> Task item:
Everything in the records must be copied exactly, apart from the pictures.

════════════════════

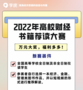 启牛学堂支持发起“2022年高校财经书籍荐读大赛” 助力高校学生提升财商素养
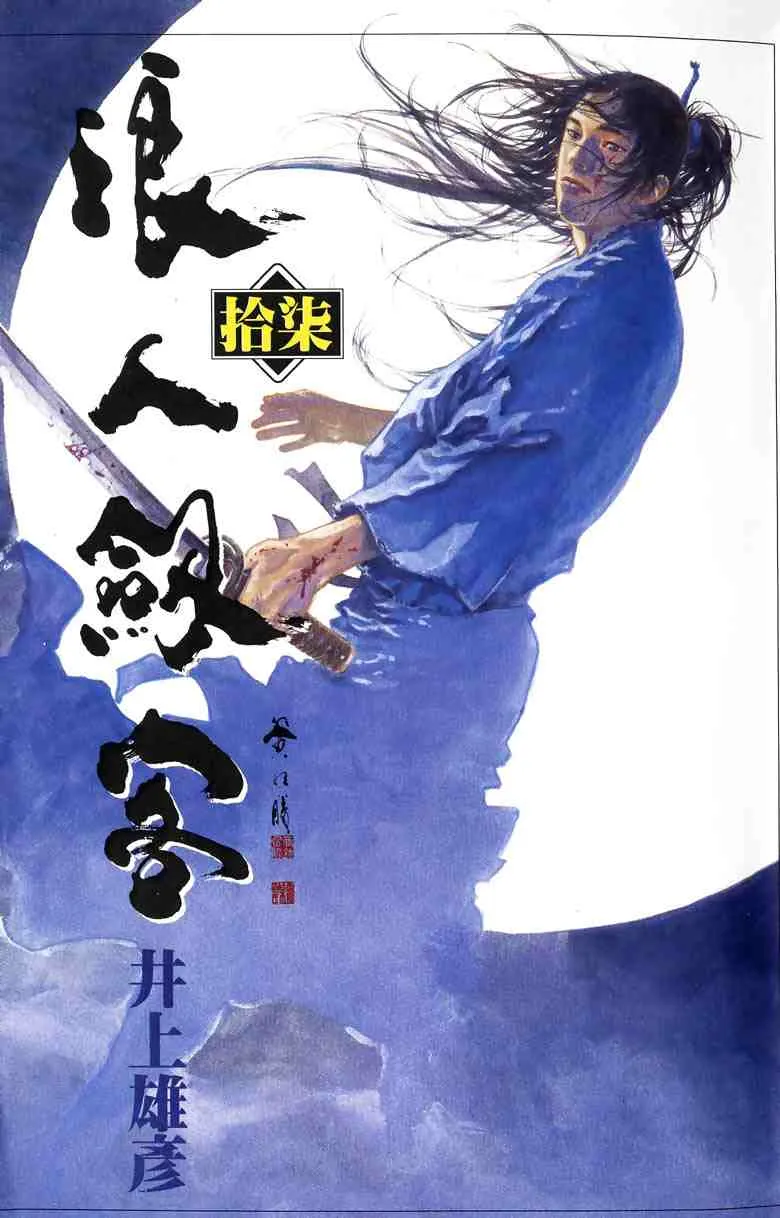 第17卷 第2页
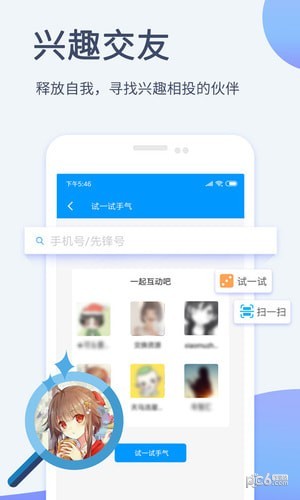 影音先鋒手機版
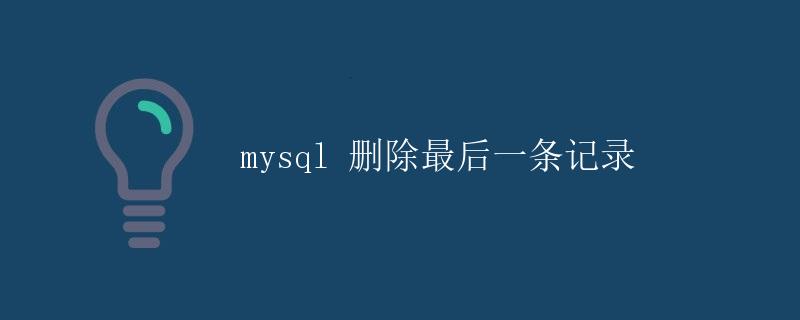 MySQL删除最后一条记录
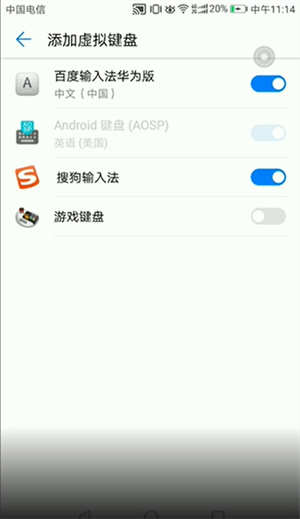 三角符文手机版下载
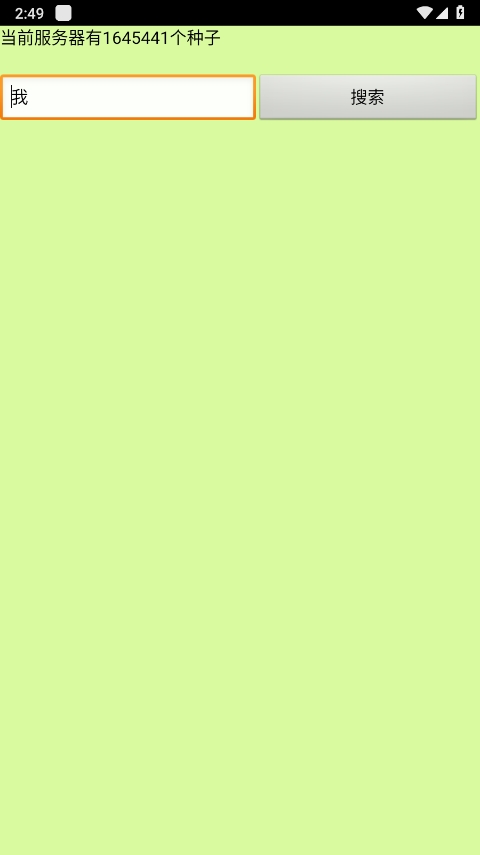 磁力猫torrentkitty截图2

════════════════════

> Output for this exercise:
 启牛学堂支持发起“2022年高校财经书籍荐读大赛” 助力高校学生提升财商素养
 第17卷 第2页
 影音先鋒手機版
 MySQL删除最后一条记录
 三角符文手机版下载
 磁力猫torrentkitty截图2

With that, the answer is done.